First, internal consistency. "Hud," the best friend holding the camera, is a bad photographer; at the party, he can hardly keep all of someone's face in the shot for more than 3 seconds unless he is standing perfectly still. He doesn't even pay the attention to tracking that a normal person does when they hold a video camera. And all of that would be fine except for the times when he becomes a remarkably masterful cameraman, like in the stairwell. He is suddenly able to not only fade in and out with great timing while keeping the lens directly focused on the floor numbers, but he is also able to keep it from bouncing too wildly as he climbs. Huh.

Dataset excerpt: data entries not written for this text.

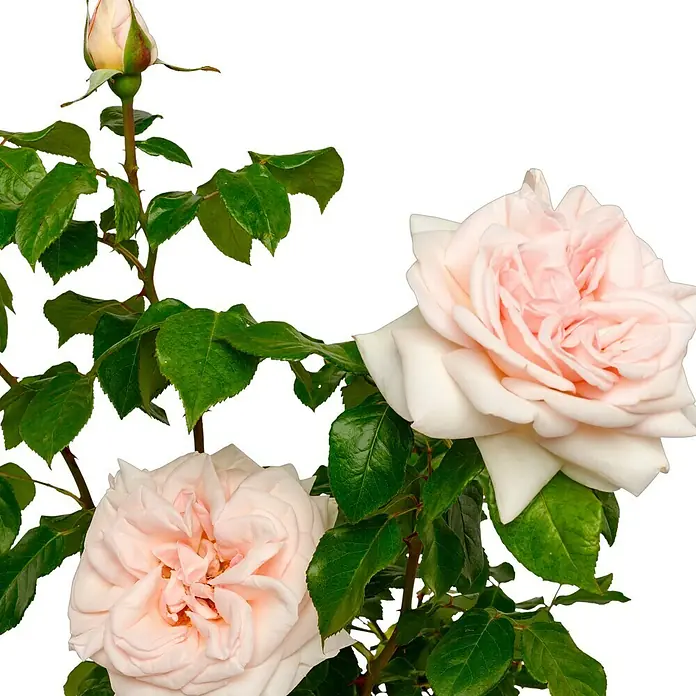 Edelrose - Rosa 'Schloss Ippenburg' ADR, Lachsrosa - Zarte, hellrosa Rosenblüten in voller Pracht, umgeben von sattgrünen Blättern und einem einzelnen Rosenknospen, vor einem dunklen Hintergrund.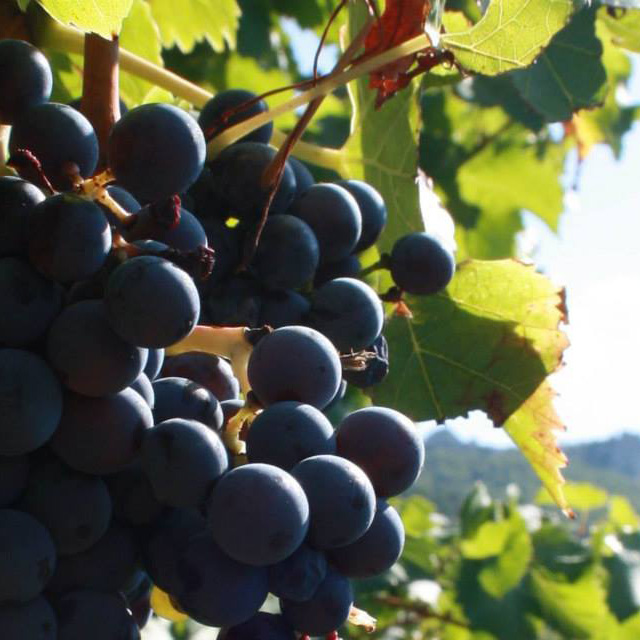 Grenache Grape variety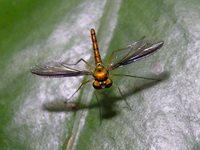 Unidentified Dolichopodidae family  - Phuket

Second, scariness. Or lack thereof. The scariest part was when they didn't know what the monster was, or even what was happening. As soon as they showed the whole monster, which was very very early on, it lost any element of suspense and became simply horrible. They didn't even save some aspects of it, like the little mini-monsters dropping off it, for later in the movie. On top of that, "Hud" kept making inane comments at the tensest moments, which completely deflated the fear. I can grant that this may be part of his character, and we all know folks who would crack a joke at a funeral, but it didn't help the movie to be any scarier.

Third, bad story writing. I never felt like I really could become attached to the characters -- especially "Beth," the girl he went back for. She seemed like a selfish, whiny person at the beginning, and you almost never saw her until close to the end, but she's the whole reason this pack of twenty-something civilians is wandering a war-zone Manhattan. We only see things from one perspective (interesting on a epistemological level, but not as a movie-goer). Even the hand-held camera isn't showing us "everything Hud sees" -- it shows us "everything Hud remembers to point the camera at, which usually excludes eyes, chins, or both." Even though one girl escapes, we never find out what happens to her. We don't know what happened afterward, except that the tape was found in "the area formerly known as Central Park." There's no resolution.

All in all, a waste of money. But if you still want to see it after this, you only have 3 options: die here, die in the tunnels, or die up top. Take your pick.